To Love Somebody is an album by jazz singer-songwriter/pianist Nina Simone. It was released as quickly as possible to prolong the unexpected success of 'Nuff Said! The title is taken from the Bee Gees song "To Love Somebody"; her cover of the song became her second British hit single after "Ain't Got No-I Got Life".

Information about songs on this album 
The title track, "To Love Somebody", as well as "I Can't See Nobody" are songs by the Bee Gees.
"Suzanne", originally by Leonard Cohen; covered by many artists by the time of this album.
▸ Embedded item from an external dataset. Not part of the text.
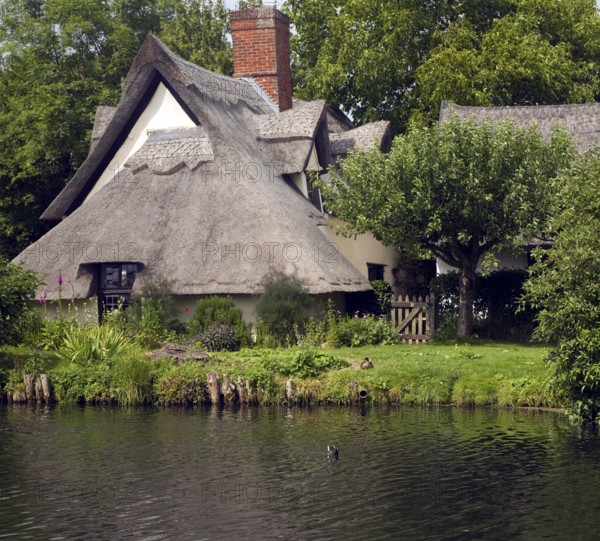 Thatched Bridge Cottage at Flatford, East Bergholt, Suffolk, England, United Kingdom, Europe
"Turn! Turn! Turn!", originally by Pete Seeger. Simone recorded an alternative version of the song that was (previously) unreleased.
"Revolution" (parts 1 & 2) was Simone's third subsequent single released in the UK after "Ain't Got No–I Got Life" and "To Love Somebody" both became hits. The song was released around the time of the same titled song by The Beatles and, although it has a similar hook ("Don't you know it's gonna be – all right") and structure, most of the lyrics differ. The song also uses a guitar lick similar to "Old Brown Shoe," which had been recorded by The Beatles the same year. John Lennon commented on the similarities in a 1971 interview with Rolling Stone:
I thought it was interesting that Nina Simone did a sort of answer to "Revolution." That was very good–it was sort of like "Revolution," but not quite. That I sort of enjoyed, somebody who reacted immediately to what I had said.
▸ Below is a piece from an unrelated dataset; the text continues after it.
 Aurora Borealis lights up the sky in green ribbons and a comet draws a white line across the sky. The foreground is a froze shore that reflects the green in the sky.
The song is split into two parts because Part 2 was featured on the B-side of the single. "Revolution" didn't do well in the UK charts, and only had a mild success in the United States R&B charts. Simone didn't expect this lack of success and said to Sylvia Hampton, author of the biography Break Down and Let It All Out about this:
(…) I don't get it. It's about a revolution, man: not just colour, but everything! It's about barriers being broken down, and they sure as hell need getting rid of. (…) We need a revolution to sort it all out and get back to God. You know how lost we are, man – it's sad.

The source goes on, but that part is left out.